If there is one bit of knowledge I soaked up from the uselessly aggravating period of time I spent in Algebra class, it’s the Pythagorean Theorem. The “a^2 + b^2 = c^2” formula was drilled into our heads like a mathematical pledge of allegiance and I’ll never forget it, despite trying my (futile) best to avoid math and science at all costs. Of course, I’m still banking on the hope that it’ll one day be a question on Jeopardy. Speaking of which, you have to live forever, Alex Trebeck. ‘Dems the rules.
Anyway…
Much like Deborah Cox asked of that strange man, how did we get here?!
Well, it all started in 2015 when Rolling Stone interviewed Howard.
As The Root previously reported:
As a student at Pratt Institute in Brooklyn, N.Y., Howard said, he questioned his professor because he didn’t think one times one equals one.
“How can it equal one?” Howard said. “If one times one equals one, that means that two is of no value because one times itself has no effect. One times one equals two because the square root of four is two, so what’s the square root of two? Should be one, but we’re told it’s two, and that cannot be.”

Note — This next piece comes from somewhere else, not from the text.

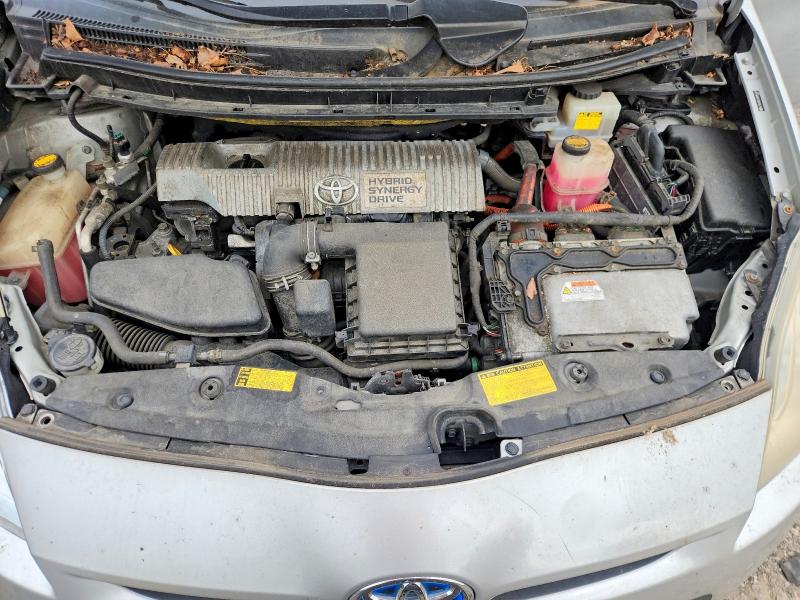 67956296 :رقم المزاد ، JTDKN3DU2A0054118 vin ، 2010 Toyota Prius مزاد بيع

Somewhere a fifth-grader (who is always smarter than you, according to that popular TV show of yore) is imploding with “well, actually” molecules and is jumping at the chance to say, “the square root of 2 is 1.41421356237.”
Howard’s quest to prove to the world that one times one actually equals two first got my attention when he appeared on The View a year ago.

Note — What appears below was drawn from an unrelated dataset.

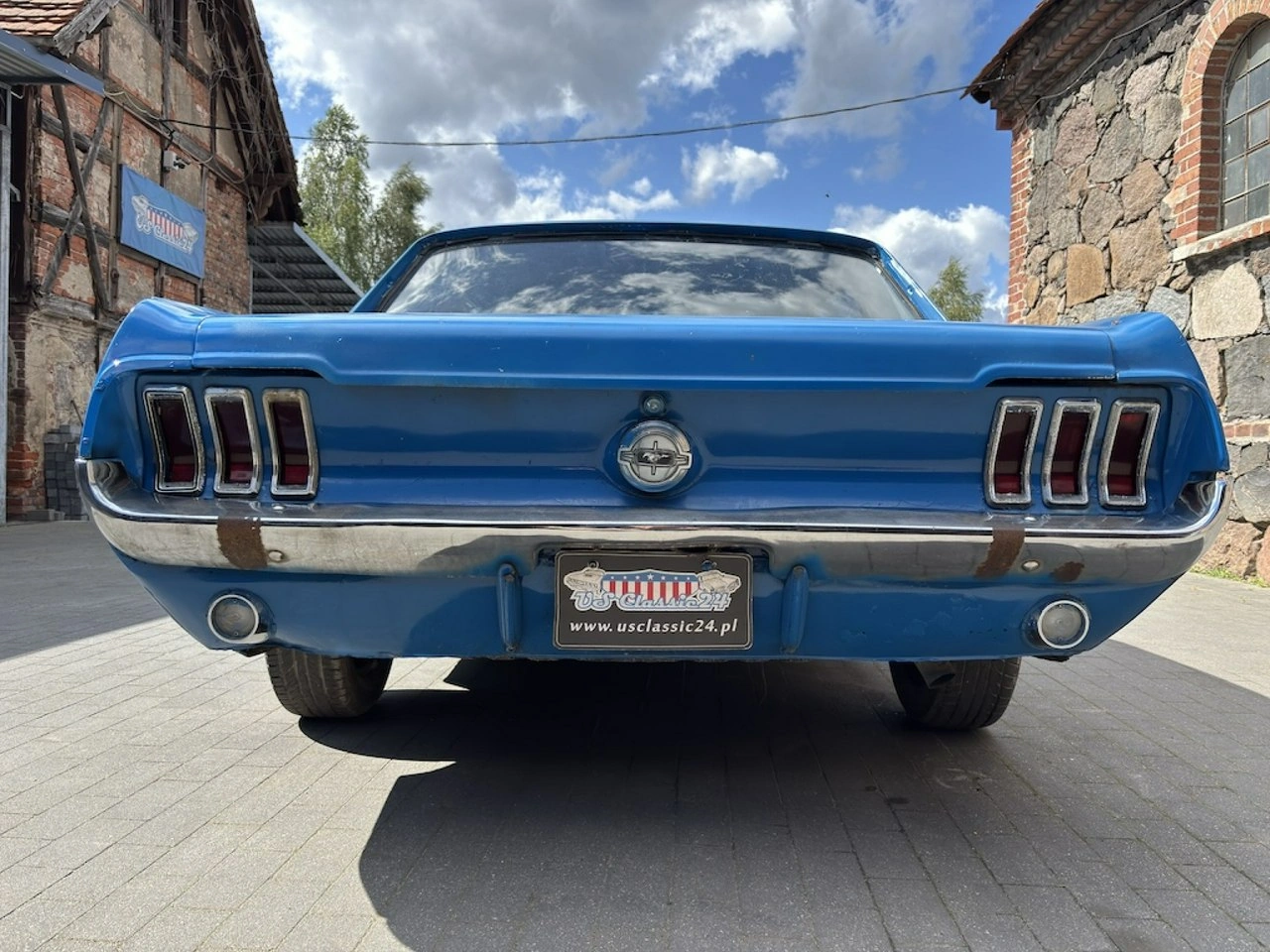 Ford Mustang - Zdjęcie 24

Cut to Sunday on the red carpet for the 71st Primetime Emmy Awards and Howard is not only questioning why he’s getting a star on the Hollywood Walk of Fame (Tuesday!) before he received an Emmy, but also the very discoveries that Pythagoras searched for.
The result is one of the most bizarre interviews in the history of audio feeds.

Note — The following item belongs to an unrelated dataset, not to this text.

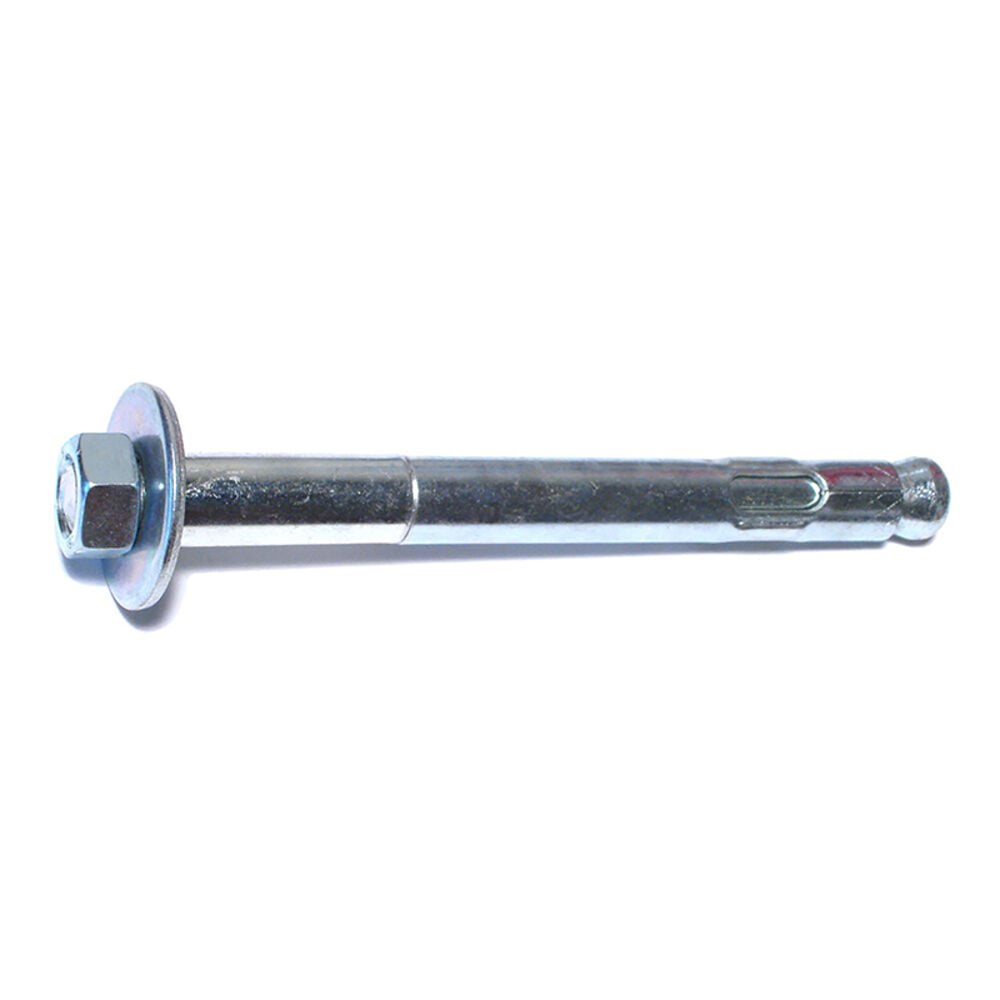 image of 5/8 x 6 Hex Nut Sleeve Anchors - 06767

“I was able to open up the flower of life and find the real wave conjugations that we’ve been looking for, for 10,000 years,” Howard told the visibly perplexed KTLA reporters. “Why would I continue walking on water for tips when I’ve got an entire generation to teach a whole new world?”
The 50-year-old actor then dropped another mathematical bomb, claiming that straight lines didn’t exist. Have we unlocked the true gay agenda?!
“All energy in the universe is expressed in motion, all motion is expressed in waves, all waves are curved, so where does the straight lines come from to make the platonic solids?” he continued. “There are no straight lines. So, when I took the flower of life and opened it properly, I found a whole new world of wave conjugations that expose the in-between spaces that…it’s the thing that holds us all together.”
Additionally, Howard is on a mission “to prove that gravity is only an effect, not a force.” He will supplement this claim with upcoming experiments on YouTube.
“I’m putting something on YouTube where I will build the planet Saturn without gravity—and build the Milky Way Galaxy without gravity,” he confirmed.
As Empire comes to a conclusion after its sixth season, Howard plans to bow out of acting.
“I spent 37 years pretending to be people so that people can pretend to watch and enjoy what I’m doing,” Howard noted.
Wow. Yeah, not even Lee Daniels could make up this whole bit.